» Input:
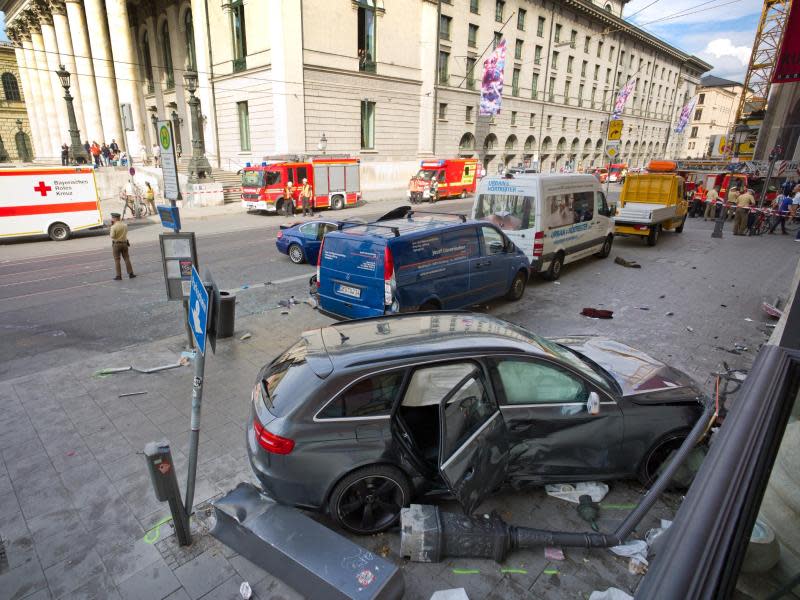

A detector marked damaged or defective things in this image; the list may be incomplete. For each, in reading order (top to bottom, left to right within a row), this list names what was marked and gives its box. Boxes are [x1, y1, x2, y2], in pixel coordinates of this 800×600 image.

damaged grey station wagon [245, 314, 708, 536]
crumpled car hood [552, 332, 704, 404]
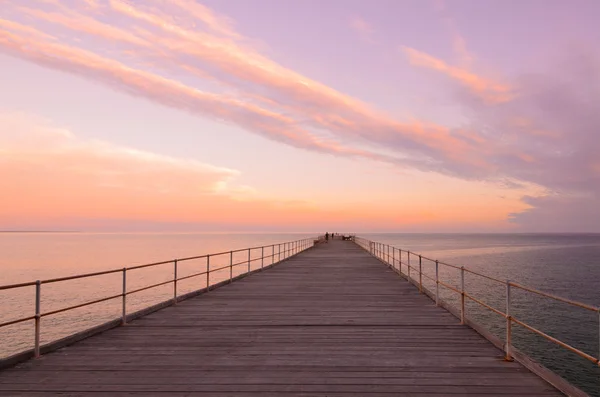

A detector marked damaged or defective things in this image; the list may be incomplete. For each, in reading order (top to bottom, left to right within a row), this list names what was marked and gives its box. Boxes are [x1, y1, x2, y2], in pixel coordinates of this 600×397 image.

rusty metal railing [0, 237, 316, 358]
rusty metal railing [354, 237, 596, 366]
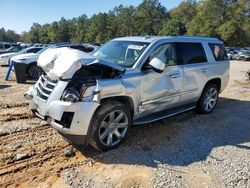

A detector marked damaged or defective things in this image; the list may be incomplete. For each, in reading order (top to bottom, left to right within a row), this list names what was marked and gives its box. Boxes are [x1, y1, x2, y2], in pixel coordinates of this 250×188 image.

crumpled hood [37, 47, 125, 80]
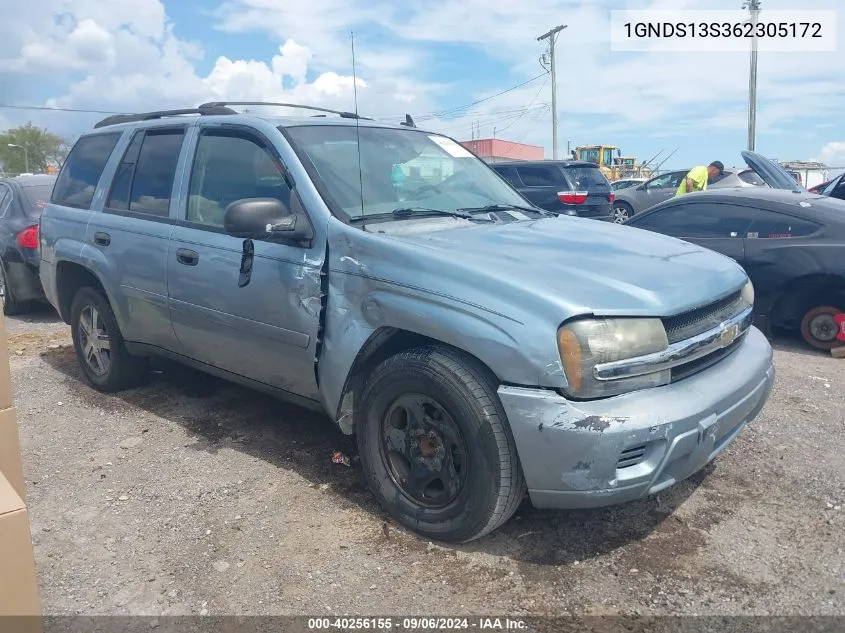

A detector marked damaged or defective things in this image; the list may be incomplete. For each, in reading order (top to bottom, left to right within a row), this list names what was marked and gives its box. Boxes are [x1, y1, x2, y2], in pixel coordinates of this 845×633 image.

damaged suv [41, 101, 780, 540]
dented front bumper [498, 326, 776, 508]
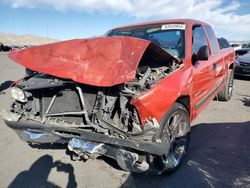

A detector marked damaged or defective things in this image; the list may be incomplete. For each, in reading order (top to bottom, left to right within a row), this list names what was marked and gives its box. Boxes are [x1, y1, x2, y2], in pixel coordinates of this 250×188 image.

crumpled hood [9, 36, 178, 86]
severe front damage [2, 36, 186, 173]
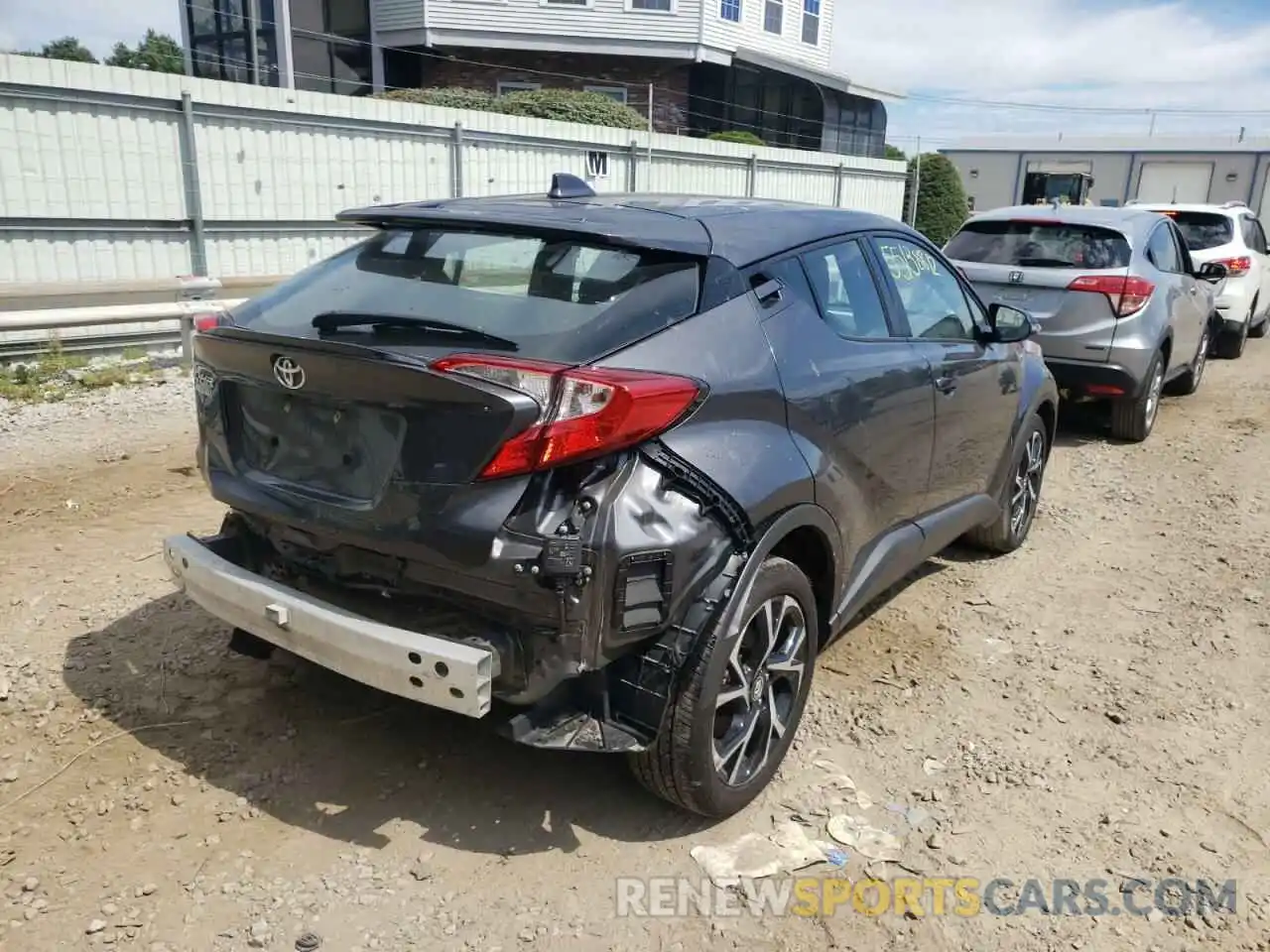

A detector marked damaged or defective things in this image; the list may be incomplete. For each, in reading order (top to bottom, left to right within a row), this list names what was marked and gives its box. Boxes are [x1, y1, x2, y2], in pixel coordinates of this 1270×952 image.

exposed wheel well [1036, 398, 1056, 459]
damaged rear bumper area [159, 533, 495, 721]
exposed wheel well [767, 525, 837, 654]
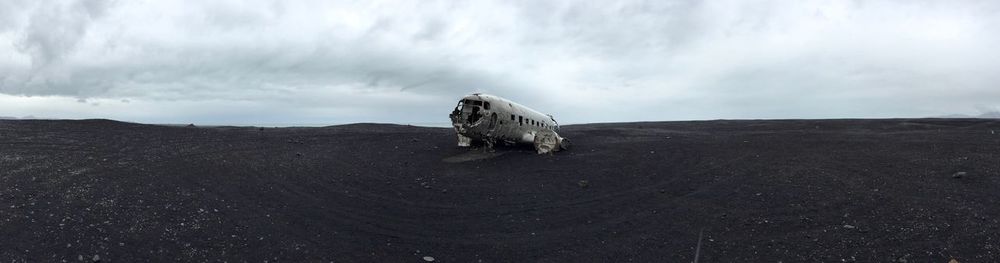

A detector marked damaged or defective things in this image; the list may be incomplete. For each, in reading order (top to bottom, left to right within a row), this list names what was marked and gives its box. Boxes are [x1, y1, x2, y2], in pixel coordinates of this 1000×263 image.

abandoned plane wreck [448, 93, 568, 154]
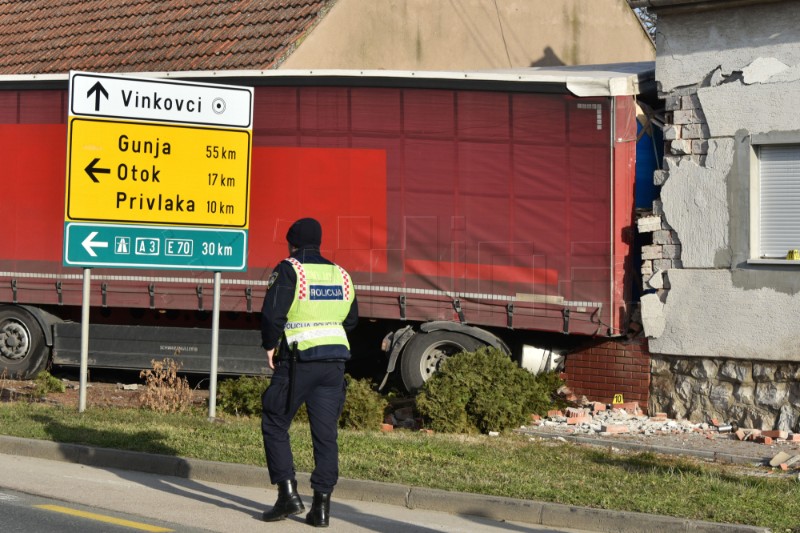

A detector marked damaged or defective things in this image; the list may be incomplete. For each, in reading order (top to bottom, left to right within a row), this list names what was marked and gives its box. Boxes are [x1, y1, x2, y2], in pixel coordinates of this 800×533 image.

broken brick wall [564, 336, 648, 412]
damaged house wall [640, 0, 800, 430]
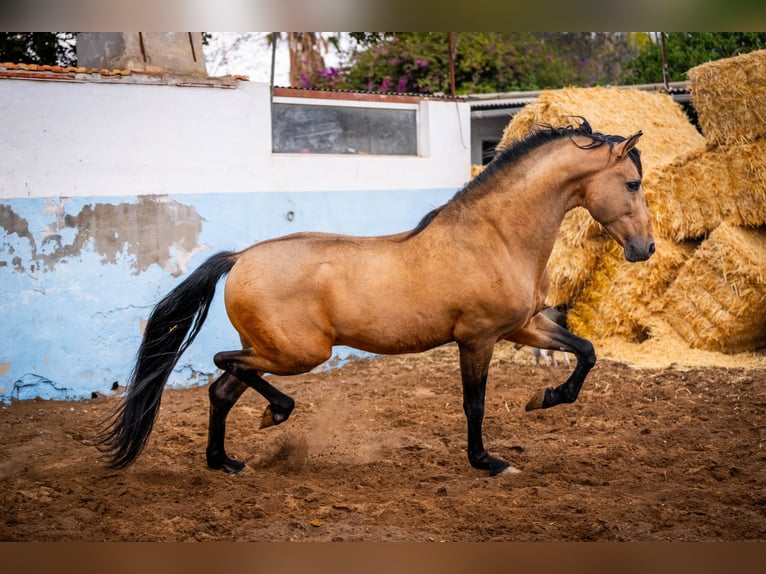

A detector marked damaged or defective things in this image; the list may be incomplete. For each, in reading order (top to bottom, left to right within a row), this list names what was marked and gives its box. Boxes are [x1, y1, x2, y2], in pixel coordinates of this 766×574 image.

peeling paint on wall [0, 197, 206, 278]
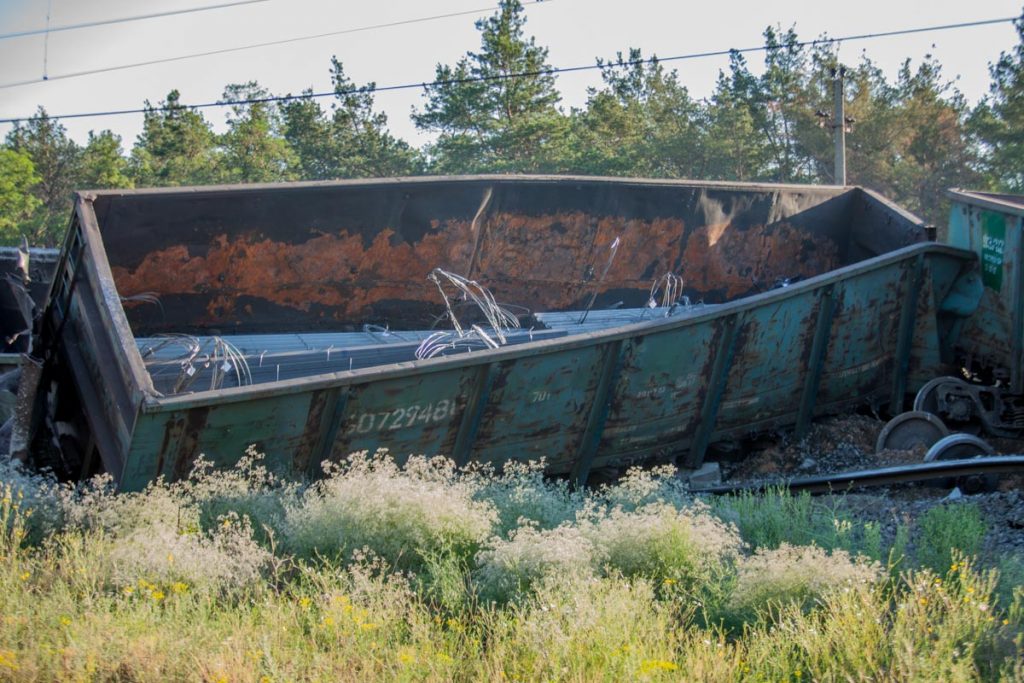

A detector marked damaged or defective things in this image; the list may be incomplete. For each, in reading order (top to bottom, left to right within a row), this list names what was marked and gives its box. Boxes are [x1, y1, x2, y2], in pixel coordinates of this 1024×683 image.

rusty metal surface [25, 176, 974, 491]
damaged metal panel [28, 174, 978, 489]
rusty railcar interior [22, 174, 999, 489]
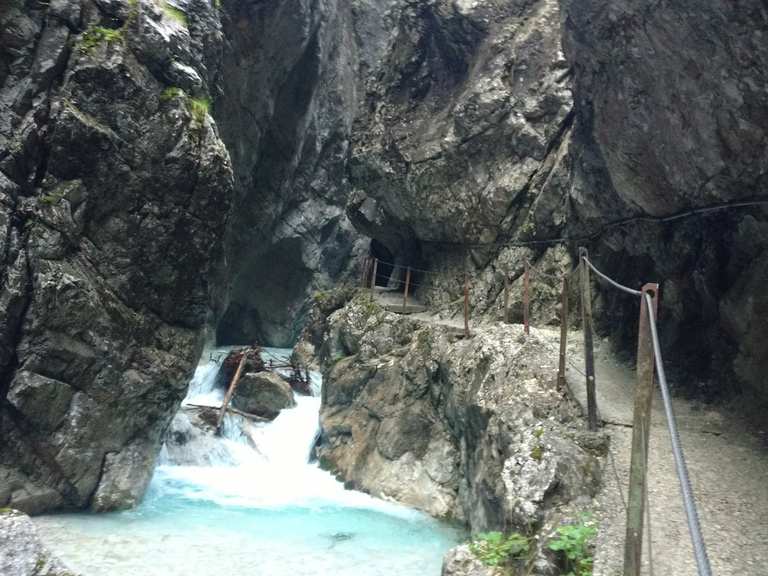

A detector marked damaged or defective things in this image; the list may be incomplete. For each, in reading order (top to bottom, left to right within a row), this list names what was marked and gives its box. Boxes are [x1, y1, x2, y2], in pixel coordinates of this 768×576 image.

rusty metal railing post [580, 248, 596, 432]
rusty metal railing post [624, 284, 660, 576]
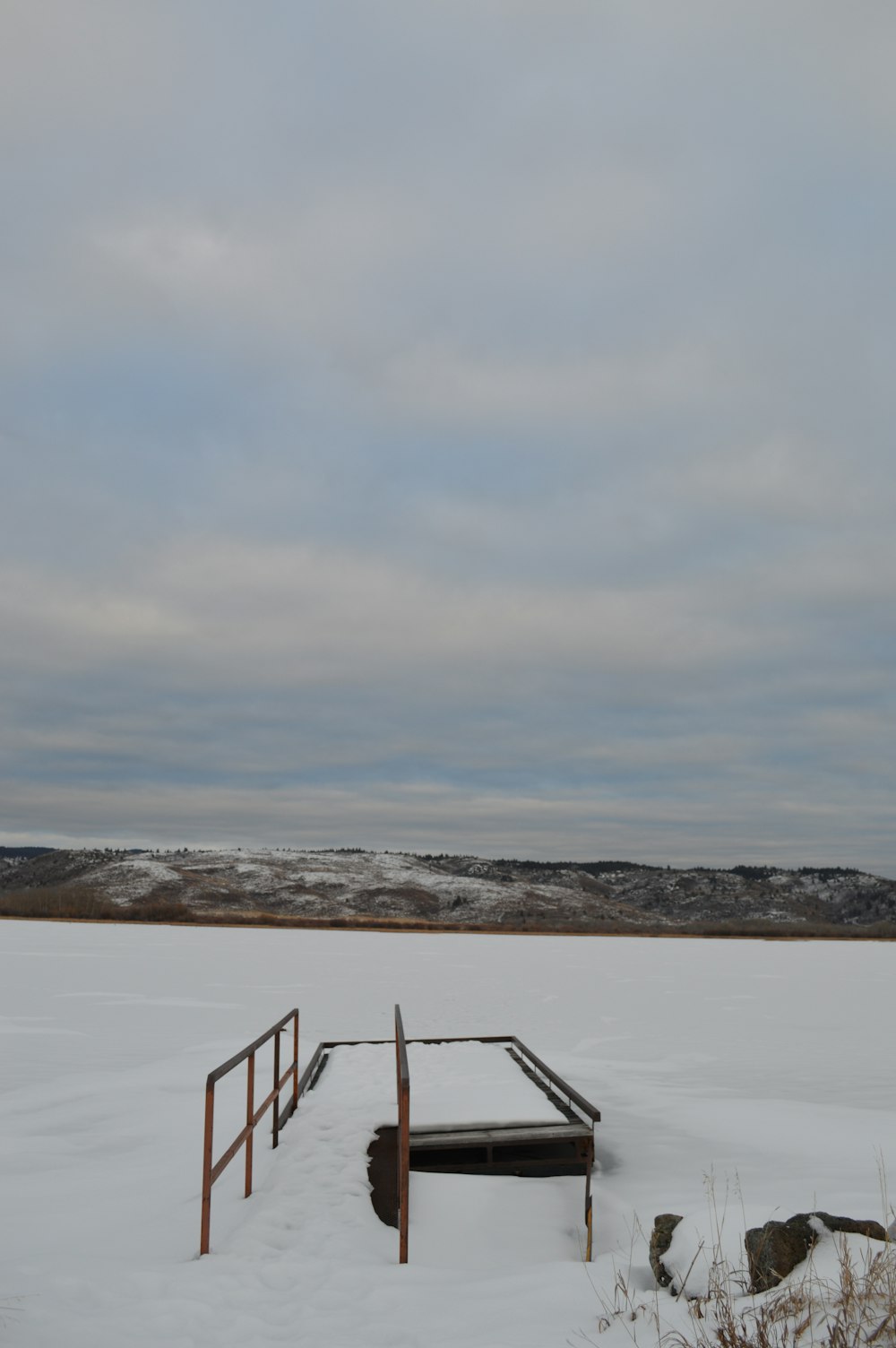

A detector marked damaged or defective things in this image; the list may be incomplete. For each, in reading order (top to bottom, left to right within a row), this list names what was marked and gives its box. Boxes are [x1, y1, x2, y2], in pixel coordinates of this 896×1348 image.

rusty metal railing [199, 1011, 297, 1255]
rusty metal railing [396, 1004, 410, 1262]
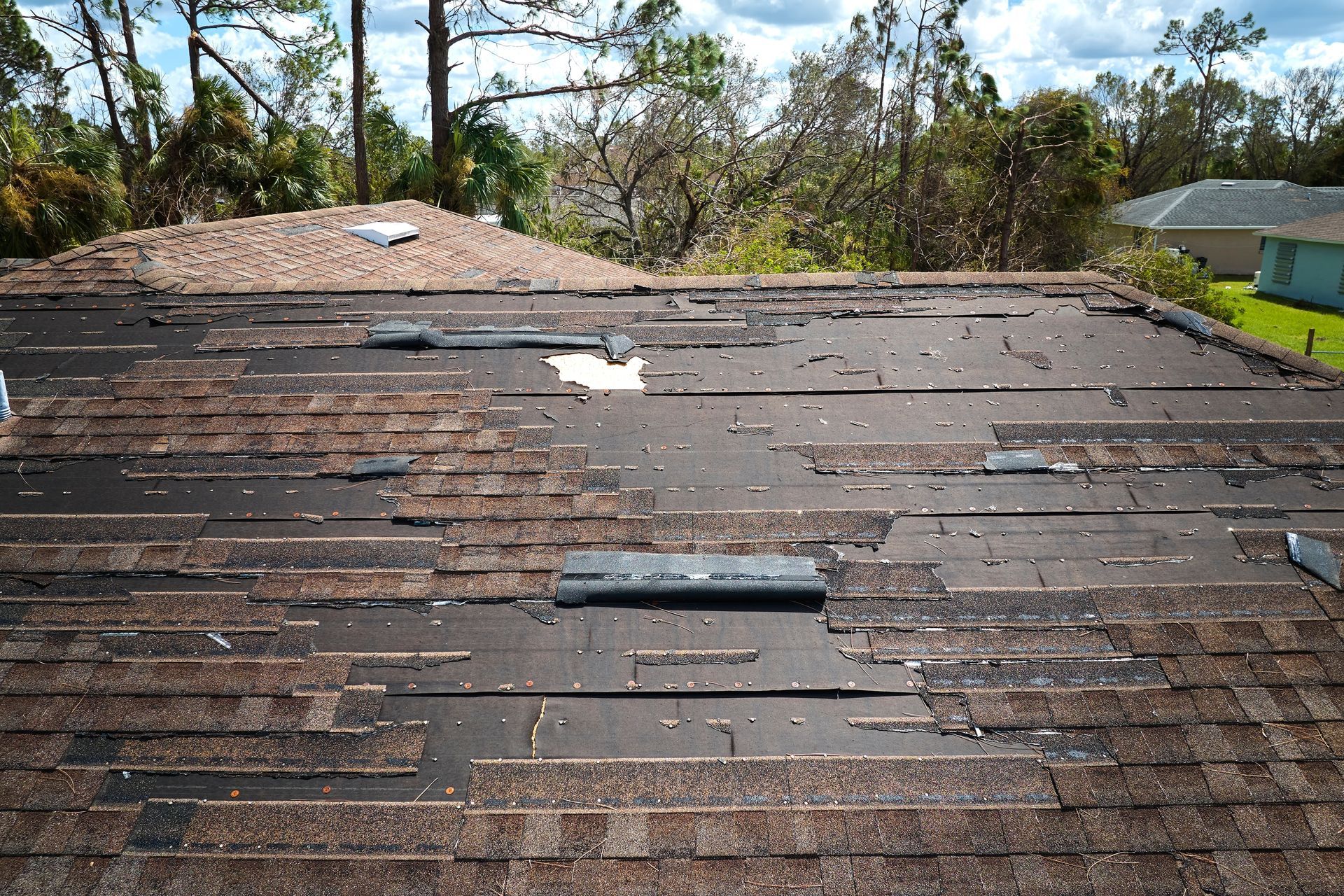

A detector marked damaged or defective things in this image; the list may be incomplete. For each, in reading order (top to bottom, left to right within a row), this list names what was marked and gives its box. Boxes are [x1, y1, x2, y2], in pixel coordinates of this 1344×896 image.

damaged roof [0, 200, 645, 298]
damaged roof [2, 270, 1344, 892]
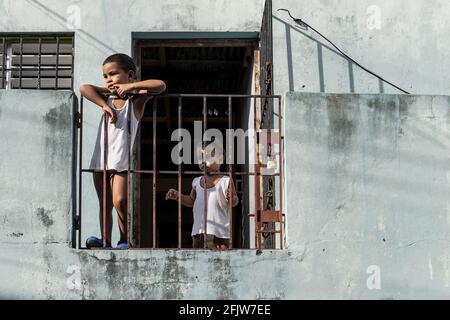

» Your objective:
Leave out the pictures and repeat exactly the lines from the one containing "this 1344×896 image." through the last line of the entries.

» Answer box:
A detector marked damaged or defective things in this image; the list may be incomplete. For each, in reading order (top to bottom, left to right within a row), this list names what was marked and gives its box. Boxes are [x1, y1, x2, y2], in pixel coordinates of this 1344×896 image.

damaged roof [0, 200, 645, 298]
damaged roof [2, 270, 1344, 892]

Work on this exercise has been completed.